AVAILABLE DATA >>

-- Opening Marker --

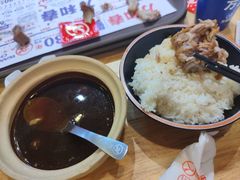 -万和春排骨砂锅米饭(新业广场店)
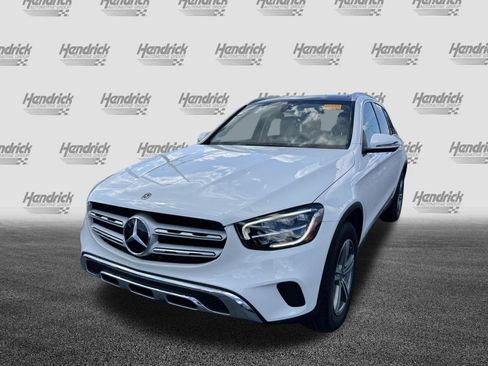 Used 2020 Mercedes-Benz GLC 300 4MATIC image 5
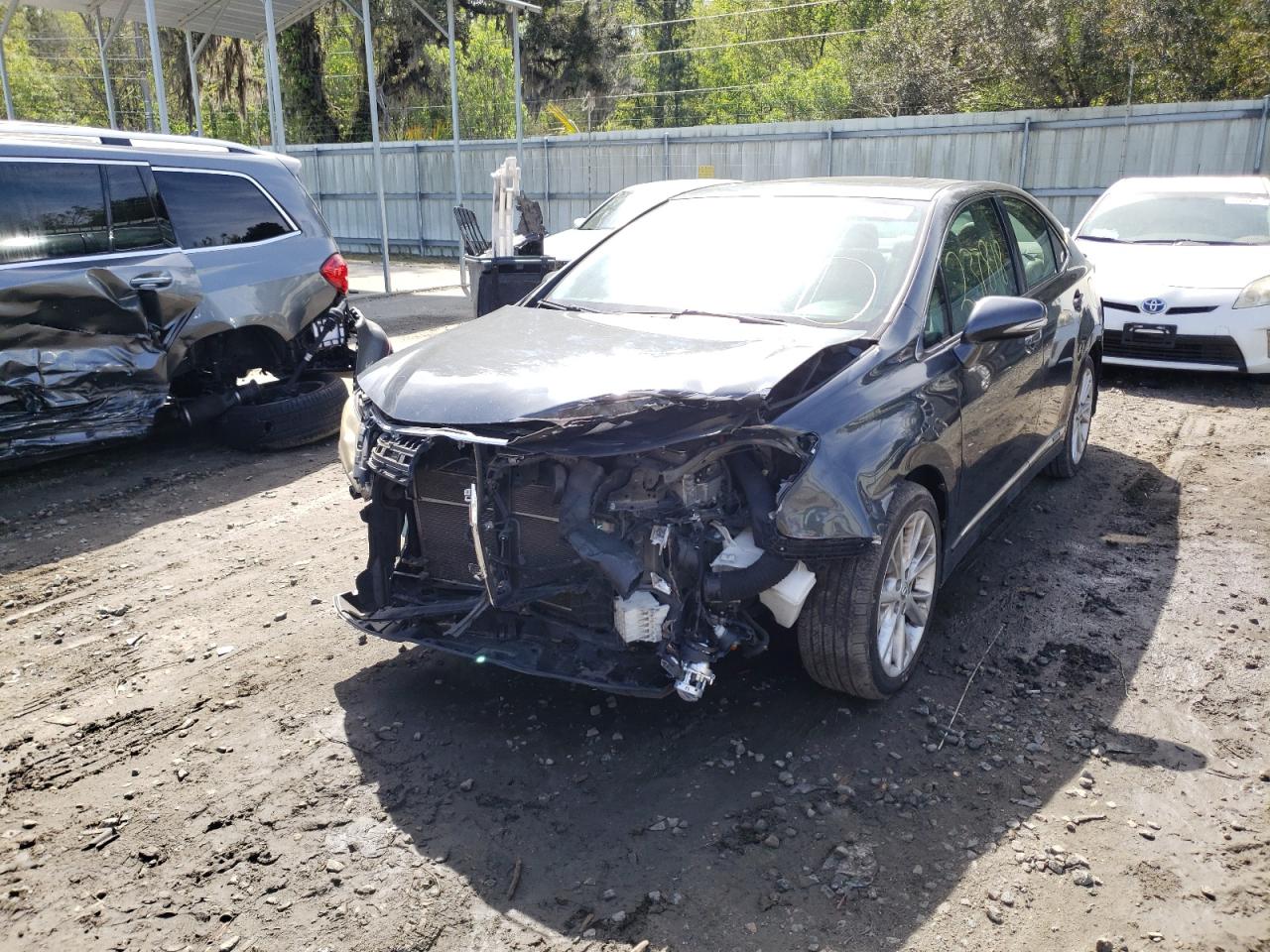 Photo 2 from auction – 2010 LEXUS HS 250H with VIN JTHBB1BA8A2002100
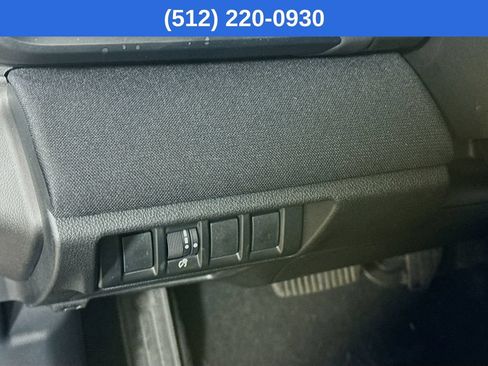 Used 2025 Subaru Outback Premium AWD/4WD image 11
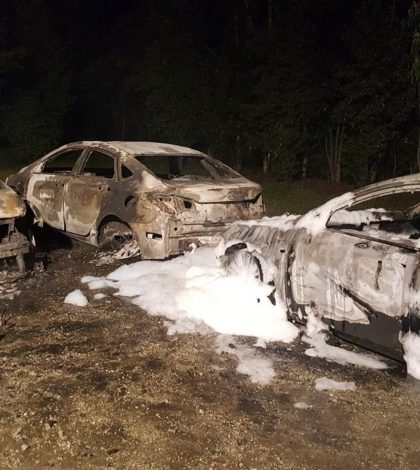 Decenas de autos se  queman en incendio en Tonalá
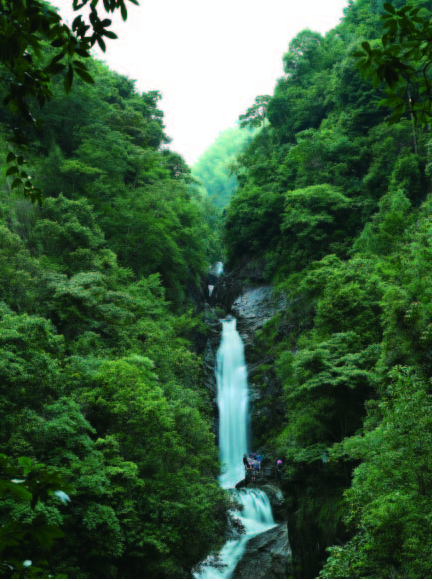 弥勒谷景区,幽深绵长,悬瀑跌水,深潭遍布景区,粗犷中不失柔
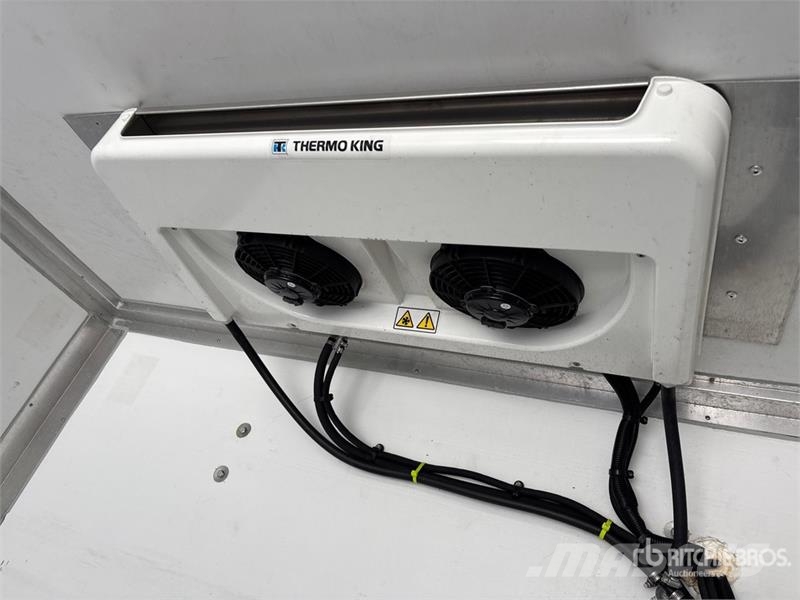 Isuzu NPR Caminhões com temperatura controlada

-- Closing Marker --

YOUR INSTRUCTIONS >> Lines from the one holding "弥勒谷景区,幽深绵长,悬瀑跌水,深潭遍布景区,粗犷中不失柔" to the end of the data, both ends included, are to be given again exactly; no pictures belong in the copy.

FINISHED EXERCISE >>
 弥勒谷景区,幽深绵长,悬瀑跌水,深潭遍布景区,粗犷中不失柔
 Isuzu NPR Caminhões com temperatura controlada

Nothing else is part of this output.